Combining the length() and which() commands gives a handy method of counting elements that meet particular criteria.
b <- c(7, 2, 4, 3, -1, -2, 3, 3, 6, 8, 12, 7, 3)
b
Let’s count the 3s in the vector b.
count3 <- length(which(b == 3))
count3
[1] 4
In fact, you can count the number of elements that satisfy almost any given condition.
length(which(b < 7))
[1] 9
Here is an alternative approach, also using the length() command, but also using square brackets for sub-setting:
length(b[ b < 7 ])
[1] 9
The square brackets allow us to subset. For such operations using square brackets, I like to use the words “such that”. Here, we have the elements of b, such that the elements are less than 7.

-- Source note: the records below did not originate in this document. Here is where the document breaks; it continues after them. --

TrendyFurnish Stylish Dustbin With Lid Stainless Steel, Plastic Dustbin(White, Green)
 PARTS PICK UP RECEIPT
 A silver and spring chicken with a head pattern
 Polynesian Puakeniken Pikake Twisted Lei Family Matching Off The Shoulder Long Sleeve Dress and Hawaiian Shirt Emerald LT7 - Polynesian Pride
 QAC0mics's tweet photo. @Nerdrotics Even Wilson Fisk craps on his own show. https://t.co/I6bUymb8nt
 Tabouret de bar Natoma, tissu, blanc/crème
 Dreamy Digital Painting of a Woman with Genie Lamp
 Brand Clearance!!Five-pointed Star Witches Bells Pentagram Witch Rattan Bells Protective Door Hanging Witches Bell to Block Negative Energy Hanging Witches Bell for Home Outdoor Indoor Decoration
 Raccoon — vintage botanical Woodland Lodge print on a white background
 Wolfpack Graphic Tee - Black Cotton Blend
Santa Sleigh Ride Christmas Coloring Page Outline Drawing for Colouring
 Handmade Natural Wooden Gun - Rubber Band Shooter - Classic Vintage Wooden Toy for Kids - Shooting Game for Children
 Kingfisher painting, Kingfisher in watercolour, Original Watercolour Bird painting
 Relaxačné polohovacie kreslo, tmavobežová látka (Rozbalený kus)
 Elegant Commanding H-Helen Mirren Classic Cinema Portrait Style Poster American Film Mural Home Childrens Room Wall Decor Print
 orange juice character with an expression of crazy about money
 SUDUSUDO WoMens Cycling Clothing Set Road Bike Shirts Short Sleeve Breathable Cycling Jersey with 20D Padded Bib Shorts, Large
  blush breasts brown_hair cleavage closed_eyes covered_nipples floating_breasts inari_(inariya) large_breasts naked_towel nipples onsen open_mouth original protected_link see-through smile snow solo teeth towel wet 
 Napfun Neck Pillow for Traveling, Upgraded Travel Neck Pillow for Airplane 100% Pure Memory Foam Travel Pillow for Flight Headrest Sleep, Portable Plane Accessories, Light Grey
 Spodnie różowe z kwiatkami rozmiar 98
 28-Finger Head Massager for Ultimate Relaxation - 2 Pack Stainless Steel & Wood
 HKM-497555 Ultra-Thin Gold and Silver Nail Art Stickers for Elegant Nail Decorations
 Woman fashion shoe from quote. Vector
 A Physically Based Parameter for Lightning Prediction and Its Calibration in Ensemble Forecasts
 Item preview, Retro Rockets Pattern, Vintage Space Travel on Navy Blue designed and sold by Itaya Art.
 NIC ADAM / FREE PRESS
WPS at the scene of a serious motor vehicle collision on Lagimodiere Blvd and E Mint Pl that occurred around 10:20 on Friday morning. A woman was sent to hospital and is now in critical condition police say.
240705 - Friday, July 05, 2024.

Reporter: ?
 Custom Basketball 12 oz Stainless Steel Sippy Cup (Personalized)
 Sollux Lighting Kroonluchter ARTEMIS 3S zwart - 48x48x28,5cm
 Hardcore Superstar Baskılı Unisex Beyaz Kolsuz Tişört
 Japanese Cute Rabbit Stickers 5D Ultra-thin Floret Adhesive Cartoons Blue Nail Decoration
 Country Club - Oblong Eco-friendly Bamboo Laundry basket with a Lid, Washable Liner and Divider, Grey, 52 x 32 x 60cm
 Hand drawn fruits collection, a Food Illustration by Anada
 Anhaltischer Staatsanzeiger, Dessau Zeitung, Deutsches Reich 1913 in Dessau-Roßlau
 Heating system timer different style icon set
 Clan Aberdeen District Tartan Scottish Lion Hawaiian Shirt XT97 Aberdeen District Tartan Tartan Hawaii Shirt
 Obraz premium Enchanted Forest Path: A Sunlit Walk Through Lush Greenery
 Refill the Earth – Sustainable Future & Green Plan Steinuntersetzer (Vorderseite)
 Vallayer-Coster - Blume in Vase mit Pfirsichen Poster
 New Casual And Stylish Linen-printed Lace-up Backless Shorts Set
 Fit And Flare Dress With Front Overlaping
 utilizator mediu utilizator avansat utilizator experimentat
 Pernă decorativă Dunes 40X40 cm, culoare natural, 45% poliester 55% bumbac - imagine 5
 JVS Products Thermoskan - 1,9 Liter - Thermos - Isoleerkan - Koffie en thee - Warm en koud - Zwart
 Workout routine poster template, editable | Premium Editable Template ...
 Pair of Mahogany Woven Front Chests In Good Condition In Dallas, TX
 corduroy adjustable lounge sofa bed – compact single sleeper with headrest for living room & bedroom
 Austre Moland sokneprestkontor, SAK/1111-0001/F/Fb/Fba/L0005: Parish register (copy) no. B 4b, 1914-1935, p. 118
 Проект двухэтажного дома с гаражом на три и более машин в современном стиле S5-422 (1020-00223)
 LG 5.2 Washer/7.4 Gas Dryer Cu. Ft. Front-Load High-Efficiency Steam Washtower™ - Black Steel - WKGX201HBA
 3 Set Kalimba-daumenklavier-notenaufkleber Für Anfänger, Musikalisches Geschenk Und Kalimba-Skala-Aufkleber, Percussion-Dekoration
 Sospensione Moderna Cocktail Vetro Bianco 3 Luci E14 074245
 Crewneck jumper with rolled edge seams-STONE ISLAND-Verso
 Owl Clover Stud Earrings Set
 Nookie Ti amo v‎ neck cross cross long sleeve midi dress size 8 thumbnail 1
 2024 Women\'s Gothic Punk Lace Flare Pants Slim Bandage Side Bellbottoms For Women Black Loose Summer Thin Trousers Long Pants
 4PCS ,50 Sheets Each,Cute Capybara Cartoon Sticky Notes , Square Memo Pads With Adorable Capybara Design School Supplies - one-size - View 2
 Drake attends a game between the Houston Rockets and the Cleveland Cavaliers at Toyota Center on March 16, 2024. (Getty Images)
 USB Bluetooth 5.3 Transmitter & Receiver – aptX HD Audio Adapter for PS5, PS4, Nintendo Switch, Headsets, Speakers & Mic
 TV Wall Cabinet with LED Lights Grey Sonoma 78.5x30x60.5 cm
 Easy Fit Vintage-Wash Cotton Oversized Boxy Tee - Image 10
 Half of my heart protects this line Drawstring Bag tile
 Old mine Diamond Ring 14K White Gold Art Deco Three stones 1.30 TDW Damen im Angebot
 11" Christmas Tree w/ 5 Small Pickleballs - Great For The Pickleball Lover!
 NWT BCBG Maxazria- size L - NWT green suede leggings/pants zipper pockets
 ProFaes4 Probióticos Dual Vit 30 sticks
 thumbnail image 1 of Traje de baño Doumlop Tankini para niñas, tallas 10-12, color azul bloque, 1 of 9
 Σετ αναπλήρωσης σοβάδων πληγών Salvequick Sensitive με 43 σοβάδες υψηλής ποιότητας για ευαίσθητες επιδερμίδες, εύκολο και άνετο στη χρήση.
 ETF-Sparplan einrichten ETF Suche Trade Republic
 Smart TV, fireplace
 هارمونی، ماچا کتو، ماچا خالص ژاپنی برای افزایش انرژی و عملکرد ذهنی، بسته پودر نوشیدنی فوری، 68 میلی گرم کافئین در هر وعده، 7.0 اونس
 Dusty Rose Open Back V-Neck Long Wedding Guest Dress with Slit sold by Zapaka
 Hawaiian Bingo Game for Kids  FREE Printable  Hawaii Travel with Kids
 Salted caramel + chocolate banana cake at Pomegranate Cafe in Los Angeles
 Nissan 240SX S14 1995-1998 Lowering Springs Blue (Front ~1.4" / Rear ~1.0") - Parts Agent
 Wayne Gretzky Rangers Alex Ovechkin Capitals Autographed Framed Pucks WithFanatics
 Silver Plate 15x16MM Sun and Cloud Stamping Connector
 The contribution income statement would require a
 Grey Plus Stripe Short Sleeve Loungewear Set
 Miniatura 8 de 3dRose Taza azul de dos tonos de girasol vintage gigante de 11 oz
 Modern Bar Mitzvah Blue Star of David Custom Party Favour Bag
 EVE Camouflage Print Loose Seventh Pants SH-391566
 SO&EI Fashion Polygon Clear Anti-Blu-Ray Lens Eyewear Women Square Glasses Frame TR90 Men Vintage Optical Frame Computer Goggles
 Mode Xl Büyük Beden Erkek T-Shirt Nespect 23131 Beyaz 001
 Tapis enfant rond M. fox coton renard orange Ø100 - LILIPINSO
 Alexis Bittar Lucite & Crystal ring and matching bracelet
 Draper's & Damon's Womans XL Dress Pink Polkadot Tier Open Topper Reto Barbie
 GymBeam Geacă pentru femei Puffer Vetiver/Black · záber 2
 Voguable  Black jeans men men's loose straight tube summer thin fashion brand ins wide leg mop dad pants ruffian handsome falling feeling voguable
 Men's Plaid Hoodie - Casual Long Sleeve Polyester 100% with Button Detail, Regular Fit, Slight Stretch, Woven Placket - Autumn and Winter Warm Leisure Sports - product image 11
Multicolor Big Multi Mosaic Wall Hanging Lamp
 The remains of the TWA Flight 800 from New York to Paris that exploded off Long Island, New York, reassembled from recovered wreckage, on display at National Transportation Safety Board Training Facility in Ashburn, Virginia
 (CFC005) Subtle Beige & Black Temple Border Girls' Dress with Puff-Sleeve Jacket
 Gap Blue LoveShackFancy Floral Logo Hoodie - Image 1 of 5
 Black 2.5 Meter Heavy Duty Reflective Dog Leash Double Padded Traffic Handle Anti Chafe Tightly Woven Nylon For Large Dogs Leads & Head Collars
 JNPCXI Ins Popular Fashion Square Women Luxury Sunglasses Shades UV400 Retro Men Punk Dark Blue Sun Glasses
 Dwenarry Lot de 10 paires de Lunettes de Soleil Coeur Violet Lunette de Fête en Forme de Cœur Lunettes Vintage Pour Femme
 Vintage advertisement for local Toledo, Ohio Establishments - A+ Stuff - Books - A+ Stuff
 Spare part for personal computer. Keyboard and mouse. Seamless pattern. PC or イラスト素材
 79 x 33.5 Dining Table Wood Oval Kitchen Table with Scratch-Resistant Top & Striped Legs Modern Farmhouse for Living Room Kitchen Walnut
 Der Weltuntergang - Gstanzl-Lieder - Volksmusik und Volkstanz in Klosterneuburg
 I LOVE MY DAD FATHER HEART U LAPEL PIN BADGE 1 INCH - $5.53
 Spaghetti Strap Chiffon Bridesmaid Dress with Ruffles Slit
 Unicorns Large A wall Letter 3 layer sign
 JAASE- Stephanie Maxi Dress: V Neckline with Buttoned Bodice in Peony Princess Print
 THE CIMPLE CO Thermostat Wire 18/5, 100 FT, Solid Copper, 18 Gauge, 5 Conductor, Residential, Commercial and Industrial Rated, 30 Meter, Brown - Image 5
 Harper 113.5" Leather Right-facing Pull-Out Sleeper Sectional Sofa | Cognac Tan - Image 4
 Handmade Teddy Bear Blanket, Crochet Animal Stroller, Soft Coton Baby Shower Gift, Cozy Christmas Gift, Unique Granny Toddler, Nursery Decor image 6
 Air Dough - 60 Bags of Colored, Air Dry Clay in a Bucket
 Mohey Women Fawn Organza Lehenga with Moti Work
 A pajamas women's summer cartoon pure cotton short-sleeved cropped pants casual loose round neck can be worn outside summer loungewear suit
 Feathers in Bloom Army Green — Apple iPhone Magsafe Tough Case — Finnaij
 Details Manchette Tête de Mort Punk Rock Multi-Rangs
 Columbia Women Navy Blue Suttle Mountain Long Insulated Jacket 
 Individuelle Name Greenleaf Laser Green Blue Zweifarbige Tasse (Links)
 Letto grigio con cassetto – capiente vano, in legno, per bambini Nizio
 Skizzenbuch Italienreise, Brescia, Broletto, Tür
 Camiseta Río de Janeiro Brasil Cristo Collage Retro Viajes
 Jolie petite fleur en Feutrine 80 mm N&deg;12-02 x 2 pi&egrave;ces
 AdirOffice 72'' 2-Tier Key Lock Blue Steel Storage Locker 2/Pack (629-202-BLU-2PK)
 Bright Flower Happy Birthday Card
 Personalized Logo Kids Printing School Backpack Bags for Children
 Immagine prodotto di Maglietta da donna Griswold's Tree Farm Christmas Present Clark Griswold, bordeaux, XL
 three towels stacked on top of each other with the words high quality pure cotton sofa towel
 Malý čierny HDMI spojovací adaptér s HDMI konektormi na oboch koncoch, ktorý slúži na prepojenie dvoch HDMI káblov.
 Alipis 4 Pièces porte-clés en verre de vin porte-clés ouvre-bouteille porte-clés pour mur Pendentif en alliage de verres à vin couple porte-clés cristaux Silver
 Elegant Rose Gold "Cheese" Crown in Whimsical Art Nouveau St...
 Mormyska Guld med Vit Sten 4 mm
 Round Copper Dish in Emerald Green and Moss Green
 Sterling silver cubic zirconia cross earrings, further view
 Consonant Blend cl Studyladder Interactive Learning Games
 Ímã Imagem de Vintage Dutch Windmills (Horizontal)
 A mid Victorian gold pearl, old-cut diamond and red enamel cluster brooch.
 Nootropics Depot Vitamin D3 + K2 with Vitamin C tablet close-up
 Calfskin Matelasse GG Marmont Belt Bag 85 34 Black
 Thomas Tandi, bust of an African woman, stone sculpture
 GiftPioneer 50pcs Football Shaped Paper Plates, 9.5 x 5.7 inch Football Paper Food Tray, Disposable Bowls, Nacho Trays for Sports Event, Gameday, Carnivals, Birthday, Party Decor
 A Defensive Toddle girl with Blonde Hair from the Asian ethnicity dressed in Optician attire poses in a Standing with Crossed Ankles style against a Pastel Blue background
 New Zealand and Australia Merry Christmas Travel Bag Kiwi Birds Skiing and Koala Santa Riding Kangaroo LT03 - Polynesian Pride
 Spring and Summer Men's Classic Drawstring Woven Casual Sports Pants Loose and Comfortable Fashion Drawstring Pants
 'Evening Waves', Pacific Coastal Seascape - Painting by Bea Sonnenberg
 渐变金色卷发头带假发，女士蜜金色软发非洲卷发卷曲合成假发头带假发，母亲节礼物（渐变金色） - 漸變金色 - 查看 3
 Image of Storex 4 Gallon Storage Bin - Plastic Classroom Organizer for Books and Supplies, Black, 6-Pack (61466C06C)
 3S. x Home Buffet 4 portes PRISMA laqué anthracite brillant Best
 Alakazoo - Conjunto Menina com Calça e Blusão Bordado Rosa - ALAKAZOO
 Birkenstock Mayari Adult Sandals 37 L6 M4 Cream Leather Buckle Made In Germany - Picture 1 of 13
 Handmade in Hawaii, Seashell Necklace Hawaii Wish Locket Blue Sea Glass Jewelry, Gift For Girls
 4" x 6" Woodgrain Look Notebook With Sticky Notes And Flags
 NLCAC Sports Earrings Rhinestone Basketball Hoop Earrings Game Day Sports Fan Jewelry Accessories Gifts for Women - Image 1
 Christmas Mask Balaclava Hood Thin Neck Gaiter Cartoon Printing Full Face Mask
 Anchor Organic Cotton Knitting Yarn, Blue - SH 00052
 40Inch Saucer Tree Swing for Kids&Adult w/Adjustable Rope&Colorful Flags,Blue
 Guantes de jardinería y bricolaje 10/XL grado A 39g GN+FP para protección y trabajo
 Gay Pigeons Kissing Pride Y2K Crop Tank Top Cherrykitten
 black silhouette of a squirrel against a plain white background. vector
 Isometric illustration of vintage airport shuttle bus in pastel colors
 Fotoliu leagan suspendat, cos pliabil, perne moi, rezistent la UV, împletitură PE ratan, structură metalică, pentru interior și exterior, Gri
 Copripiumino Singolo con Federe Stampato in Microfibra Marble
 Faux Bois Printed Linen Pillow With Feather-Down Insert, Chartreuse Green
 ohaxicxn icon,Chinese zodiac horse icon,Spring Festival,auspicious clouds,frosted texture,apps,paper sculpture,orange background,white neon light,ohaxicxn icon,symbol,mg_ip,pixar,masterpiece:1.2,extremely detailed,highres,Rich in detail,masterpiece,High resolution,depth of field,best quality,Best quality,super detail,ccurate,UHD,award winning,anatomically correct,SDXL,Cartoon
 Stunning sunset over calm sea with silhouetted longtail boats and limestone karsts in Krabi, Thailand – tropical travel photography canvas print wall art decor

R provides another alternative that not everyone knows about
sum(b < 7)
[1] 9
This syntax gives a count rather than a sum. Be aware of the meaning of syntax like sum(b < 7). Both work on logical vectors whose elements are either TRUE or FALSE. Try entering b <- 7 at the keyboard.
b < 7
[1] FALSE TRUE TRUE TRUE TRUE TRUE TRUE TRUE TRUE FALSE FALSE FALSE TRUE
We see that sum(b < 7) counts the number of elements that are TRUE. There are nine such elements.
Now try:
mean(b < 7)
[1] 0.6923077
That syntax found the proportion of elements meeting the criterion rather than the mean. Again, if you use the sum() and mean() function you must be very careful to ensure that your output is what you intended. Note that sum(), length() and length(which()) all provide mechanisms for counting elements.
Now find the percentage of 7s in b.
P7 <- 100 * length(which(b == 7)) / length(b)
P7
[1] 15.38462
extension example
You can find counts and percentages using functions that involve length(which()). Here we create two functions; one for finding counts, and the other for
calculating percentages.
count <- function(x, n){ length((which(x == n))) }
perc <- function(x, n){ 100*length((which(x == n))) / length(x) }
Note the syntax involved in setting up a function in R. Now let’s use the count function to count the threes in the vector b.
count(b, 3)
[1] 4
perc(b, 4)
[1] 7.692308
That wasn’t so hard! In our next blog post we’ll discuss counting values within cases.
About the Author: David Lillis has taught R to many researchers and statisticians. His company, Sigma Statistics and Research Limited, provides both on-line instruction and face-to-face workshops on R, and coding services in R. David holds a doctorate in applied statistics.
See our full R Tutorial Series and other blog posts regarding R programming.
Rob Baer says
Missing Values
Just a note on using length() on a whole vector that includes NA. The missing values are counted in the whole vector length when using the length() function.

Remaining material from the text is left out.